According to a first aspect, a log saw machine is provided, comprising a feeding path for the logs to be cut and a cutting head arranged along the feeding path. The cutting head comprises a disc-shaped cutting blade rotating around a rotation axis and provided with a cyclical movement for cutting the logs. The cutting head also comprises two grinding wheels, which are arranged and configured to grind two sides of a cutting edge of the disc-shaped cutting blade, and each of which rotates around its rotation axis. The grinding wheels are so arranged, with respect to the disc-shaped cutting blade, that, in a contact area between each grinding wheel and the disc-shaped cutting blade, the grinding wheel has a velocity directed towards the inside of the cutting edge. In other words, the contact area between the grinding wheel and the respective side of the cutting edge has a velocity represented by a vector directed towards the inside of the cutting edge instead of towards the outside thereof. If this relative motion condition occurs for both the grinding wheels, a more regular grinding is provided, as well as a better cutting quality.

According to some embodiments, the grinding wheels may be motorized. In preferred embodiments, the grinding wheels are supported idle and driven into rotation by friction with the disc-shaped cutting blade thanks to the torque generated on the grinding wheels by the friction between these latter and the disc-shaped cutting blade.

In some embodiments, the grinding wheels are so arranged, with respect to the disc-shaped cutting blade, that the contact areas between the grinding wheels and the disc-shaped cutting blade are arranged between two approximately parallel planes, each of which contains the rotation axis of one of the grinding wheels. The planes are approximately parallel to a plane containing the rotation axis of the disc-shaped cutting blade.
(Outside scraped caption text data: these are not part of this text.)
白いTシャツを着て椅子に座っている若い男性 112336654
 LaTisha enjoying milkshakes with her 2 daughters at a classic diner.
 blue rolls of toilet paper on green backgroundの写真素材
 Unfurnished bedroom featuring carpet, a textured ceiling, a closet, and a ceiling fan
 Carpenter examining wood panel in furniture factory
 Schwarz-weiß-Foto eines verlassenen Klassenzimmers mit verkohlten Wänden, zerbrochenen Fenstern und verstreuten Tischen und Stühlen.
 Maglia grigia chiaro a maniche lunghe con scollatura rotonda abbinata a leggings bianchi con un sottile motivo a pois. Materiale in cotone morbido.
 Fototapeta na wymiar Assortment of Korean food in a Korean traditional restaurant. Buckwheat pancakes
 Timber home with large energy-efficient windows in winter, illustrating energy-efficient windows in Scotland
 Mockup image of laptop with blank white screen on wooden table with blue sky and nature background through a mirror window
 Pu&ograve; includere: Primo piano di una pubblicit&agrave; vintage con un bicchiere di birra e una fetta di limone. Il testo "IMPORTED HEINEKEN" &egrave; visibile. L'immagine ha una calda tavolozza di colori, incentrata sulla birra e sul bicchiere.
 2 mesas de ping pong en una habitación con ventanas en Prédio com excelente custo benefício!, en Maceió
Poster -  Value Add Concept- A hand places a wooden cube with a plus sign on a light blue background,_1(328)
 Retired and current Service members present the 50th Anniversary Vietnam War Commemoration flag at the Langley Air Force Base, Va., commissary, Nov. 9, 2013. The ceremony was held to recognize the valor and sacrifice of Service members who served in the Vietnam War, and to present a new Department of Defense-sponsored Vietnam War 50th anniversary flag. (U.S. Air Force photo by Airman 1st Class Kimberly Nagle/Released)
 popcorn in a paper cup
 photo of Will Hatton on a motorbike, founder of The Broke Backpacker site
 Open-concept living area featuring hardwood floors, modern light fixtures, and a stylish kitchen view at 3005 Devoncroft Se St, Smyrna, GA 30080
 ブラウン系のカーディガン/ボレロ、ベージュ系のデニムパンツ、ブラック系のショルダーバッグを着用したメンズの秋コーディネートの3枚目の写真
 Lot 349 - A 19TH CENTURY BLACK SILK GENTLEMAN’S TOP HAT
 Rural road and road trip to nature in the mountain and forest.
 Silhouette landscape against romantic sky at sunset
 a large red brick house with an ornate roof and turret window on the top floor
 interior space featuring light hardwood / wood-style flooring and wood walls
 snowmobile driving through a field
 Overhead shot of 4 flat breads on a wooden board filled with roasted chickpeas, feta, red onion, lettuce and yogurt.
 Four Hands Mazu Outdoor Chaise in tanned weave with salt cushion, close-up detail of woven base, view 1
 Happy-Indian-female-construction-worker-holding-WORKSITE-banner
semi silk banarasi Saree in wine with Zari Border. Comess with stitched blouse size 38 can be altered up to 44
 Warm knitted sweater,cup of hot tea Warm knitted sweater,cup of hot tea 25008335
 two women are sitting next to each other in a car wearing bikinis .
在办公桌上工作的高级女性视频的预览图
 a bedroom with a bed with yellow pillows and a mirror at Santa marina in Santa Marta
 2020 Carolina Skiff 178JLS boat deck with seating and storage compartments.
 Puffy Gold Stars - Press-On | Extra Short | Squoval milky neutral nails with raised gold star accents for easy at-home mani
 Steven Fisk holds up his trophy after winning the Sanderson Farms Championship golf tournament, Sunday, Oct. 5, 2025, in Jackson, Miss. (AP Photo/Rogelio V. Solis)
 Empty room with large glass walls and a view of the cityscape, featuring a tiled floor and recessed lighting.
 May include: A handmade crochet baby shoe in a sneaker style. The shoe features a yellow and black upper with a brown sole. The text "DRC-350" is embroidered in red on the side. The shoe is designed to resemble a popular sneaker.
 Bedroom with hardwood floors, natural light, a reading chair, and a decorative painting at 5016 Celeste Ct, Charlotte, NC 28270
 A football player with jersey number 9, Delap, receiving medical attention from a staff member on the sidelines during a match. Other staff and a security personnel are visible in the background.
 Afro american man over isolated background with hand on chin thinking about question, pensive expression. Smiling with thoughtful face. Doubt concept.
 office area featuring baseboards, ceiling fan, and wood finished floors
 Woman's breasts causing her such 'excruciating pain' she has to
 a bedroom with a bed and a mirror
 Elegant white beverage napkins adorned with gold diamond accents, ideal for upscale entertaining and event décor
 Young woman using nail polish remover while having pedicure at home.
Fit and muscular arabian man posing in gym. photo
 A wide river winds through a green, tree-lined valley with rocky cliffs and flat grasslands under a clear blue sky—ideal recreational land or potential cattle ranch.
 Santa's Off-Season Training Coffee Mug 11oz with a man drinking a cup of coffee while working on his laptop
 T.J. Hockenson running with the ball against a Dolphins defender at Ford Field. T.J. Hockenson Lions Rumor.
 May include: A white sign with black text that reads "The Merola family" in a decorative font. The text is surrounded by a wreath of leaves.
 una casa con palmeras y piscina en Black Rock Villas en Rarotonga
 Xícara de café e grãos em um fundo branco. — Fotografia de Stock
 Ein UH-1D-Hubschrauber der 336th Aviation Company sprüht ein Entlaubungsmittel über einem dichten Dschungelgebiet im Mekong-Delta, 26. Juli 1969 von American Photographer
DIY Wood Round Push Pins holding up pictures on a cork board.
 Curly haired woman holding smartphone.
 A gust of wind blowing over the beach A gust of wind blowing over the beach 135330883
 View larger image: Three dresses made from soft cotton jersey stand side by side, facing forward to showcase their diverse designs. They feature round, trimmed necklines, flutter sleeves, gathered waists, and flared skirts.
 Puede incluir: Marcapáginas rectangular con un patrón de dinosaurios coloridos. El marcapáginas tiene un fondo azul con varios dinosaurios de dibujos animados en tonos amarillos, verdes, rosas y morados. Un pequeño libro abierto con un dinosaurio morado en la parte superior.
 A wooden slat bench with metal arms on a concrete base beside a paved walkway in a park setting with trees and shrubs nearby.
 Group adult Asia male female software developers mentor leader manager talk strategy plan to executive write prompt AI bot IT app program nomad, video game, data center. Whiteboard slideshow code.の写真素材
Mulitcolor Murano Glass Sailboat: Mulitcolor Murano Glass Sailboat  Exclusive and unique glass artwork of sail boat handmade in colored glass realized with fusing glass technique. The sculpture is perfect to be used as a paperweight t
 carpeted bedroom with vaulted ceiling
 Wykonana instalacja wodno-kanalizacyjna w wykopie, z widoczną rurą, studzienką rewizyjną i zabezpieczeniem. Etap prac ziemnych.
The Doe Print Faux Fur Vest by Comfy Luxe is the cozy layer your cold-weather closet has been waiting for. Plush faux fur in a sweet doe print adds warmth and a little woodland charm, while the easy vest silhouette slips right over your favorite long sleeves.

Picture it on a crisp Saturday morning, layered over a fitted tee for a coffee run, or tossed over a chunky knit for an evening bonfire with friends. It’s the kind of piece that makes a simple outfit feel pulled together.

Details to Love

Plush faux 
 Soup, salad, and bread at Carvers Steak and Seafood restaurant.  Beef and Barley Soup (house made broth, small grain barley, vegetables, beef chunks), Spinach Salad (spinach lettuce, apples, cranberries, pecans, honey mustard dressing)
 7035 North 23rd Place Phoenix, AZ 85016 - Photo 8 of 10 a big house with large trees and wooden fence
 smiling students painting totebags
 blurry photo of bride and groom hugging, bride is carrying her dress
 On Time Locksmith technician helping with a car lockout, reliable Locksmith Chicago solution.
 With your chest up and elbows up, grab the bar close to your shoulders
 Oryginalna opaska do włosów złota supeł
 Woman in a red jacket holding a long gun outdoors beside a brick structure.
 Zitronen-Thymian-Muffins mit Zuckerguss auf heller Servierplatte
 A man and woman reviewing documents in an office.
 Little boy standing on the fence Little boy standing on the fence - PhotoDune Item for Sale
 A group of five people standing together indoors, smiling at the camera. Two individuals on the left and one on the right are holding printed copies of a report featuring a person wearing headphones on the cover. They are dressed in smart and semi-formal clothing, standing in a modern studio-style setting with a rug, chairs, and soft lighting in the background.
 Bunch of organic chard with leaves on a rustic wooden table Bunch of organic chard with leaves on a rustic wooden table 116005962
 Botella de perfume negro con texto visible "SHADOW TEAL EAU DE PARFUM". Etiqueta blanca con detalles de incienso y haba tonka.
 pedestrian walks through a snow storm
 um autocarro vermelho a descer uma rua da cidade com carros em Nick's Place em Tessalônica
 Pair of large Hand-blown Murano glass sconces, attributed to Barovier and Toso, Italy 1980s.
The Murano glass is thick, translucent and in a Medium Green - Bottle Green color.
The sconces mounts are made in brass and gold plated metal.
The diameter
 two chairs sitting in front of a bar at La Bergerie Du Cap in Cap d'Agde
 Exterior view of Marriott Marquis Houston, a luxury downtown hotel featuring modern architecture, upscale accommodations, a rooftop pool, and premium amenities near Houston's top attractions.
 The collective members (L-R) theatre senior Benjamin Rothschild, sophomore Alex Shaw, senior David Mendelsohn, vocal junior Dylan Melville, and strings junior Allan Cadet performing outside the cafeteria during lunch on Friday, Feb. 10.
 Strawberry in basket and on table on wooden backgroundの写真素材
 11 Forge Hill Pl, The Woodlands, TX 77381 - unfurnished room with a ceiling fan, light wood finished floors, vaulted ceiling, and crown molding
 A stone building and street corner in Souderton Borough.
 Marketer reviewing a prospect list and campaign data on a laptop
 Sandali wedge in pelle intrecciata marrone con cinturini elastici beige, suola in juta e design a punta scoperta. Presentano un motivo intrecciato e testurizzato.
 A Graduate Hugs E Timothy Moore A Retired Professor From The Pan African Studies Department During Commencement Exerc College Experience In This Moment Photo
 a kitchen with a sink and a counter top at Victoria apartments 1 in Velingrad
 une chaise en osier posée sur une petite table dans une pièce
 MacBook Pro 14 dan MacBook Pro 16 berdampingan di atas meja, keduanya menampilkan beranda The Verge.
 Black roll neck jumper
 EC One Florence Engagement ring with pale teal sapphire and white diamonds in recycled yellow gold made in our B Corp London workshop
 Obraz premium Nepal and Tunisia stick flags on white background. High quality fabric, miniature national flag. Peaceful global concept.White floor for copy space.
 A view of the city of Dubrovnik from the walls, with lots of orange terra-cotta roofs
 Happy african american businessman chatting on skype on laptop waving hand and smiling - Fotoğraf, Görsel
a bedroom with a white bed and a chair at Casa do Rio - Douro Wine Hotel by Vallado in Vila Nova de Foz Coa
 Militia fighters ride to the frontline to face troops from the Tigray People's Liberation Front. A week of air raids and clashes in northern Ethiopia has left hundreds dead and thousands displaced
In advantageous embodiments, the two contact areas between the grinding wheels and the disc-shaped cutting blade are symmetrical with respect to a plane containing the rotation axis of the cutting blade and extending between the rotation axes of the two grinding wheels.

According to some embodiments, the two grinding wheels may be so arranged that, when they are in an operative position into contact with the discshaped cutting blade, the rotation axis of a first of said two grinding wheels is arranged outside the cutting edge of the disc-shaped cutting blade, and the rotation axis of the other of said two grinding wheels is arranged inside the cutting edge so as to intersect the disc-shaped cutting blade.

According to a further aspect, a method of grinding a disc-shaped cutting blade of a saw machine for cutting logs of web material is provided, the method comprising the steps of:

placing a first grinding wheel into contact with a first side of a cutting edge of the disc-shaped cutting blade in a first contact area;

placing a second grinding wheel into contact with a second side of the cutting edge of the disc-shaped cutting blade in a second contact area;

rotating the first grinding wheel and the second grinding wheel around respective rotation axes, in such a direction that, in each said first contact area and second contact area, the first grinding wheel and the second grinding wheel have a respective rotation velocity directed towards the inside of the cutting edge.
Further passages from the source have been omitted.